Stable storage of BIOS parameters...

Eric W. Biederman ebiederman at lnxi.com
Thu Apr 17 16:17:00 CEST 2003


ron minnich <rminnich at lanl.gov> writes:

> On 17 Apr 2003, Eric W. Biederman wrote:
> 
> > But regardless the basic question is does putting a jffs2 filesystem on
> > the flash start to sound like a good idea?  And doing things like
> > hard coding filenames or something into the LinuxBIOS code that looks
> > up information.
> 
> seems ok at first glance.
> 
> > I'm just playing with ideas at this point.  And the real question is
> > how to put the information on the flash.  Not what should be the content
> > of the individual files.  So S-expr is hopefully irrelevant to this bit
> > of conversation.  I have yet to be convinced a self describing format
> > does not have unfortunate size overheads.
> 
> Yes, but: isn't a file system in some sense an attempt to get a 
> self-describing format?

O.k.
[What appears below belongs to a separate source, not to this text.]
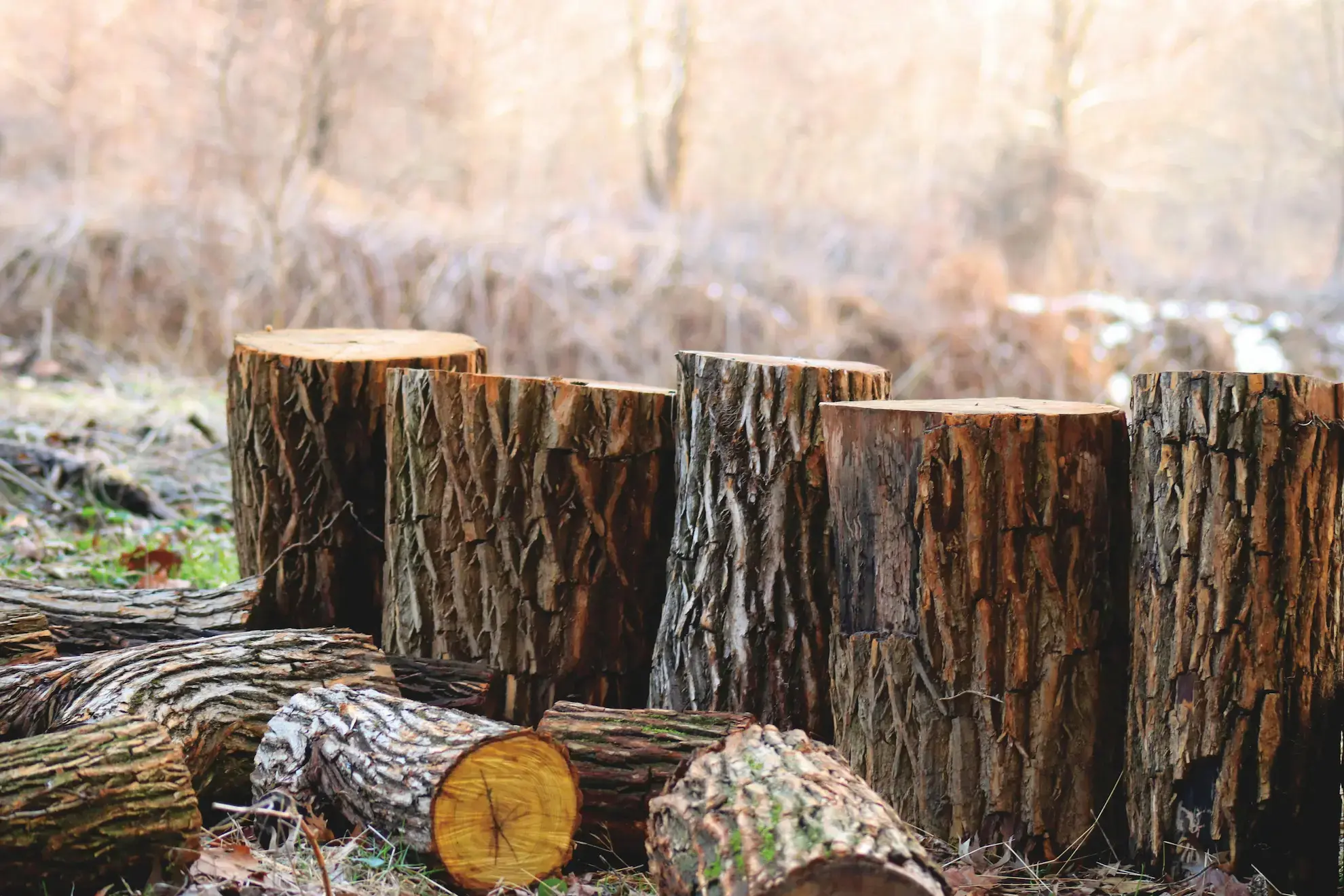 Tree felling Somerset West by Helderberg Tree Felling Services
Lets try describing this another way:
- A filesystem is needed so the data is
  1) To handle the strangeness of flash chips.
  2) Self describing at least on a course level.

For the CMOS I keep the data described in the LinuxBIOS table,
with the actual data being stored out of line.

In some instances a binary only representation is better
because the value can be directly used.

So if we are already self describing at the fs level do we need S-exprs?

In any event it is important that someplace you define what all of the kinds
of data are and what they mean.

And beyond that I think size and simplicity are important.  Not so
important that we paint ourselves into a corner. But important enough
that we keep a close eye on what we are doing.